The majority of online recruitment in active sex trafficking cases in the U.S. last year took place on Facebook, according to the Human Trafficking Institute’s 2020 Federal Human Trafficking Report.

“The internet has become the dominant tool that traffickers use to recruit victims, and they often recruit them on a number of very common social networking websites,” Human Trafficking Institute CEO Victor Boutros said on CBSN Wednesday. “Facebook overwhelmingly is used by traffickers to recruit victims in active sex trafficking cases.”

Data from the last two decades included in the human trafficking report showed that 30% of all victims identified in federal sex trafficking cases since 2000 were recruited online. 

In 2020 in the U.S., 59% of online recruitment of identified victims in active cases took place on Facebook alone. The report also states that 65% of identified child sex trafficking victims recruited on social media were recruited through Facebook.
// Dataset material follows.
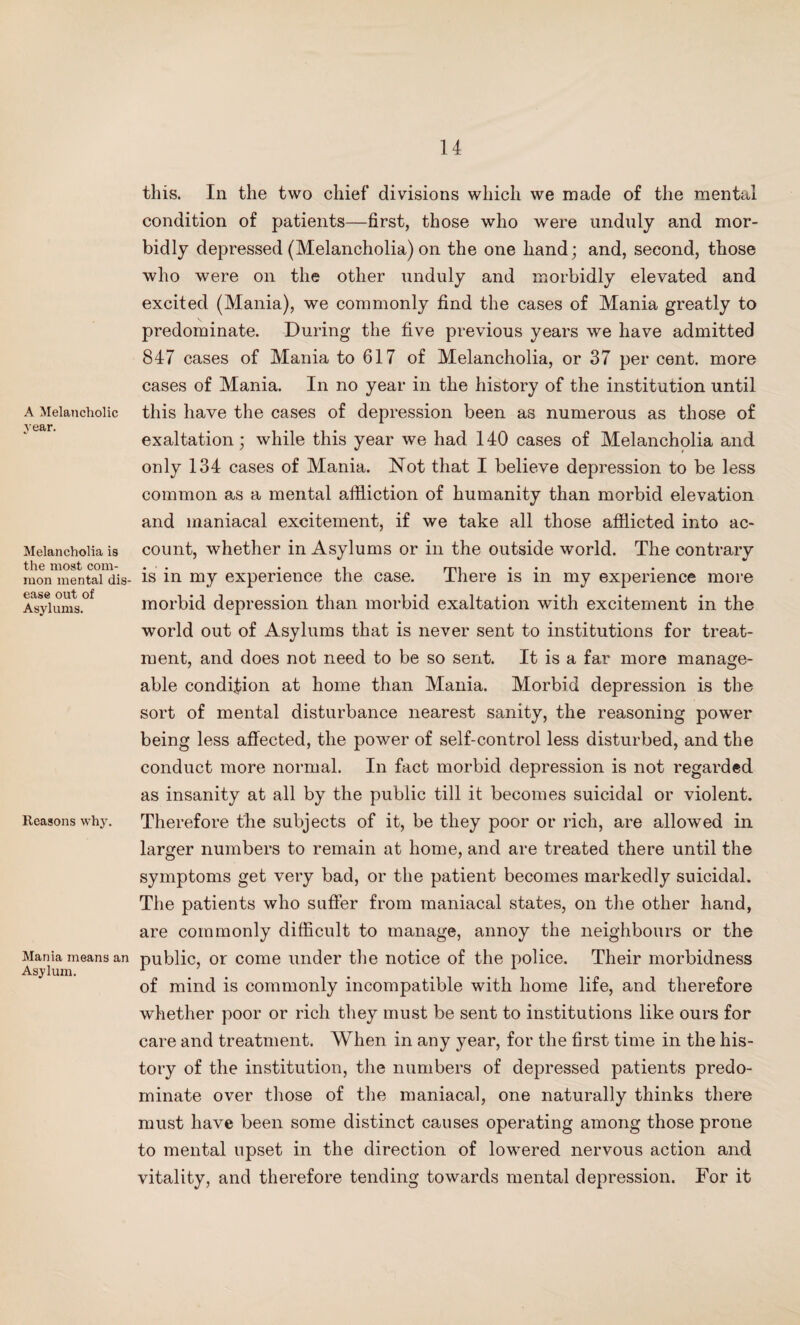 A Melancholic year. Melancholia is the most com¬ mon mental dis¬ ease out of Asylums. Reasons why. Mania means an Asylum. this. In the two chief divisions which we made of the mental condition of patients—first, those who were unduly and mor¬ bidly depressed (Melancholia) on the one hand; and, second, those who were on the other unduly and morbidly elevated and excited (Mania), we commonly find the cases of Mania greatly to predominate. During the five previous years we have admitted 847 cases of Mania to 617 of Melancholia, or 37 per cent, more cases of Mania. In no year in the history of the institution until this have the cases of depression been as numerous as those of exaltation; while this year we had 140 cases of Melancholia and only 134 cases of Mania. Not that I believe depression to be less common as a mental affliction of humanity than morbid elevation and maniacal excitement, if we take all those afflicted into ac¬ count, whether in Asylums or in the outside world. The contrary is in my experience the case. There is in my experience more morbid depression than morbid exaltation with excitement in the world out of Asylums that is never sent to institutions for treat¬ ment, and does not need to be so sent. It is a far more manage¬ able condition at home than Mania. Morbid depression is the sort of mental disturbance nearest sanity, the reasoning power being less affected, the power of self-control less disturbed, and the conduct more normal. In fact morbid depression is not regarded as insanity at all by the public till it becomes suicidal or violent. Therefore the subjects of it, be they poor or rich, are allowed in larger numbers to remain at home, and are treated there until the symptoms get very bad, or the patient becomes markedly suicidal. The patients who suffer from maniacal states, on the other hand, are commonly difficult to manage, annoy the neighbours or the public, or come under the notice of the police. Their morbidness of mind is commonly incompatible with home life, and therefore whether poor or rich they must be sent to institutions like ours for care and treatment. When in any year, for the first time in the his¬ tory of the institution, the numbers of depressed patients predo¬ minate over those of the maniacal, one naturally thinks there must have been some distinct causes operating among those prone to mental upset in the direction of lowered nervous action and vitality, and therefore tending towards mental depression. For it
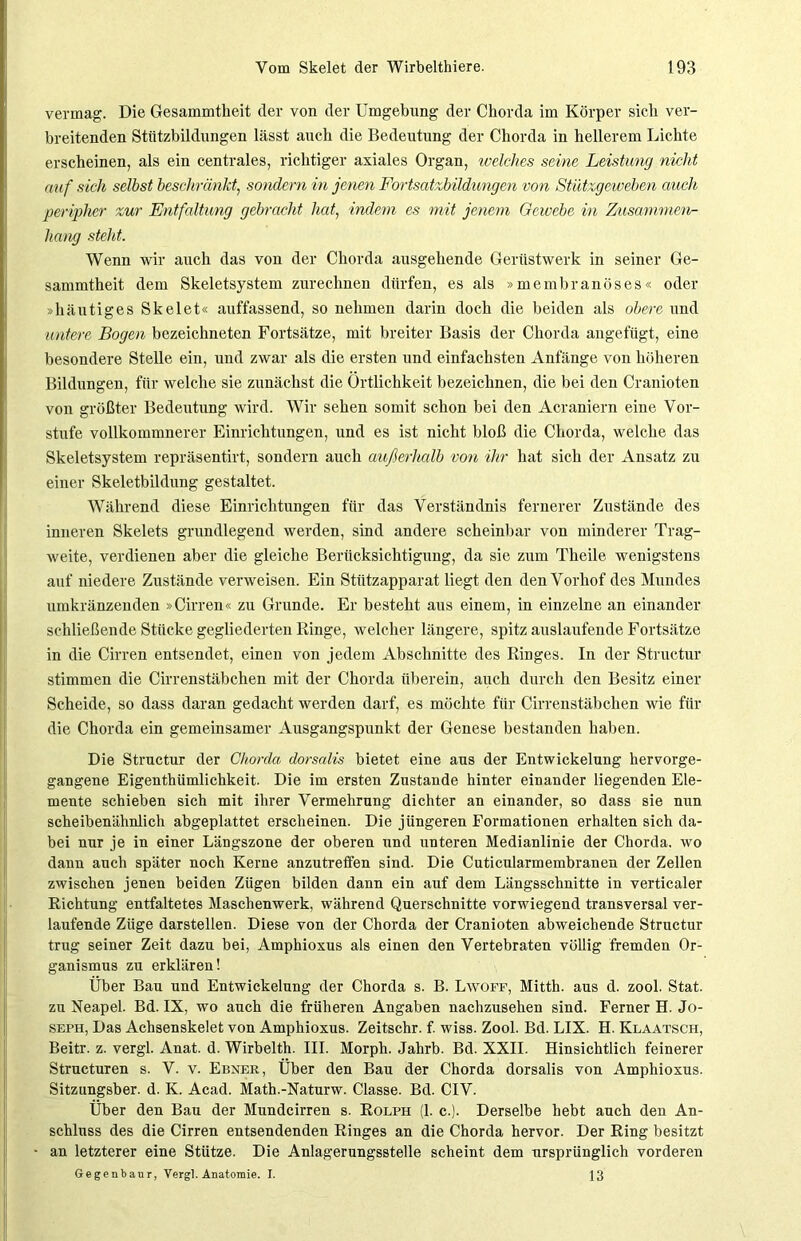 vermag. Die Gesammtkeit der von der Umgebung der Chorda im Körper sich ver- breitenden Stützbildungen lässt auch die Bedeutung der Chorda in hellerem Lichte erscheinen, als ein centrales, richtiger axiales Organ, welches seine Leistung nicht auf sich selbst beschränkt, sondern in jenen Fortsatzbildungen von Stützgeweben auch peripher zur Entfaltung gebracht hat, indem es mit jenem Gewebe in Zusammen- hang steht. Wenn wir auch das von der Chorda ausgehende Gerüstwerk in seiner Ge- sammtheit dem Skeletsystem zurechnen dürfen, es als »membranöses« oder »häutiges Skelet« auffassend, so nehmen darin doch die beiden als obere und untere Bogen bezeichneten Fortsätze, mit breiter Basis der Chorda angefügt, eine besondere Stelle ein, und zwar als die ersten und einfachsten Anfänge von höheren Bildungen, für welche sie zunächst die Örtlichkeit bezeichnen, die bei den Cranioten von größter Bedeutung wird. Wir sehen somit schon bei den Acraniern eine Vor- stufe vollkommnerer Einrichtungen, und es ist nicht bloß die Chorda, welche das Skeletsystem repräsentirt, sondern auch außerhalb von ihr hat sich der Ansatz zu einer Skeletbildung gestaltet. Während diese Einrichtungen für das Verständnis fernerer Zustände des inneren Skelets grundlegend werden, sind andere scheinbar von minderer Trag- weite, verdienen aber die gleiche Berücksichtigung, da sie zum Theile wenigstens auf niedere Zustände verweisen. Ein Stützapparat liegt den den Vorhof des Mundes umkränzenden »Cirren« zu Grunde. Er besteht aus einem, in einzelne an einander schließende Stücke gegliederten Ringe, welcher längere, spitz auslaufende Fortsätze in die Cirren entsendet, einen von jedem Abschnitte des Ringes. In der Structur stimmen die Cirrenstäbchen mit der Chorda überein, auch durch den Besitz einer Scheide, so dass daran gedacht werden darf, es möchte für Cirrenstäbchen wie für die Chorda ein gemeinsamer Ausgangspunkt der Genese bestanden haben. Die Structur der Chorda dorsalis bietet eine aus der Entwickelung hervorge- gangene Eigenthümlichkeit. Die im ersten Zustande hinter einander liegenden Ele- mente schieben sich mit ihrer Vermehrung dichter an einander, so dass sie nun scheibenähnlich abgeplattet erscheinen. Die jüngeren Formationen erhalten sich da- bei nur je in einer Längszone der oberen und unteren Medianlinie der Chorda, wo dann auch später noch Kerne anzutreffen sind. Die Cuticularmembranen der Zellen zwischen jenen beiden Zügen bilden dann ein auf dem Längsschnitte in verticaler Richtung entfaltetes Maschenwerk, während Querschnitte vorwiegend transversal ver- laufende Züge darstellen. Diese von der Chorda der Cranioten abweichende Structur trug seiner Zeit dazu bei, Amphioxus als einen den Vertebraten völlig fremden Or- ganismus zu erklären! Über Bau und Entwickelung der Chorda s. B. Lwoff, Mitth. aus d. zool. Stat. zu Neapel. Bd. IX, wo auch die früheren Angaben nachzusehen sind. Ferner H. Jo- seph, Das Achsenskelet von Amphioxus. Zeitschr. f. wiss. Zool. Bd. LIX. H. Klaatsch, Beitr. z. vergl. Anat. d. Wirbelth. III. Morph. Jahrb. Bd. XXII. Hinsichtlich feinerer Structuren s. V. v. Ebner, Über den Bau der Chorda dorsalis von Amphioxus. Sitzungsber. d. K. Acad. Math.-Naturw. Classe. Bd. CIV. Über den Bau der Mundcirren s. Rolph (1. c.). Derselbe hebt auch den An- schluss des die Cirren entsendenden Ringes an die Chorda hervor. Der Ring besitzt an letzterer eine Stütze. Die Anlagerungsstelle scheint dem ursprünglich vorderen Gegenbaur, Vergl. Anatomie. I. 13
Instagram and Snapchat were the most frequently cited platforms after Facebook for recruiting child victims in 2020. For adult victims, the next-most cited were WeChat and Instagram. 

“These data do not reflect the prevalence of online solicitation in sex trafficking schemes beyond those federally prosecuted. To be sure, the internet is implicated in many sex trafficking situations, but the high numbers of federal prosecutions involving internet solicitation are equally if not more reflective of the strategies law enforcement use to investigate these crimes,” the report states.

The majority of victims in active sex trafficking cases in 2020 were targeted with a fraudulent job offer, the report notes, followed by feigned romance. The data is based on the 602 victims identified in active sex trafficking cases for whom details of their recruitment were known.